No circularity: purely empirical model comparison on held-out data

full rationale

The paper conducts standard supervised classification experiments: domain-specific preprocessing of Indonesian Instagram comments, TF-IDF vectorization for classical ML models (Naive Bayes, Logistic Regression, SVM), and training of BiLSTM variants with/without attention. Performance is evaluated via standard metrics on a balanced 650-sample dataset. No equations, derivations, or predictions are claimed; results are direct empirical observations. No self-citations are load-bearing for any central claim, and no fitted parameters are relabeled as independent predictions. The derivation chain is empty of the circular patterns defined.

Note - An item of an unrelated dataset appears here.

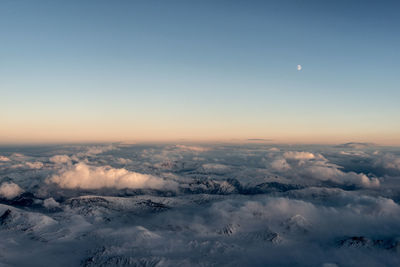 Aerial view of clouds over mountain against sky during sunset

Axiom & Free-Parameter Ledger

2 free parameters · 2 axioms · 0 invented entities

The central claim rests on the quality and representativeness of a small manually labeled dataset plus standard assumptions about TF-IDF feature extraction and neural network training for sequence classification.

free parameters (2)
  • BiLSTM and attention hyperparameters
    Number of layers, hidden size, learning rate, and attention parameters are fitted during training on the 650 samples.
  • TF-IDF vectorizer settings
    Maximum features, n-gram range, and other vectorizer choices are chosen or tuned to the dataset.
axioms (2)
  • domain assumption Manual binary labels on the 650 comments accurately reflect cyberbullying without significant noise or bias.
    No inter-annotator agreement or labeling protocol details are provided.
  • domain assumption The chosen preprocessing pipeline (slang normalization, stopword removal, stemming) improves performance for informal Indonesian text.
    Applied without reported ablation or comparison to unprocessed text.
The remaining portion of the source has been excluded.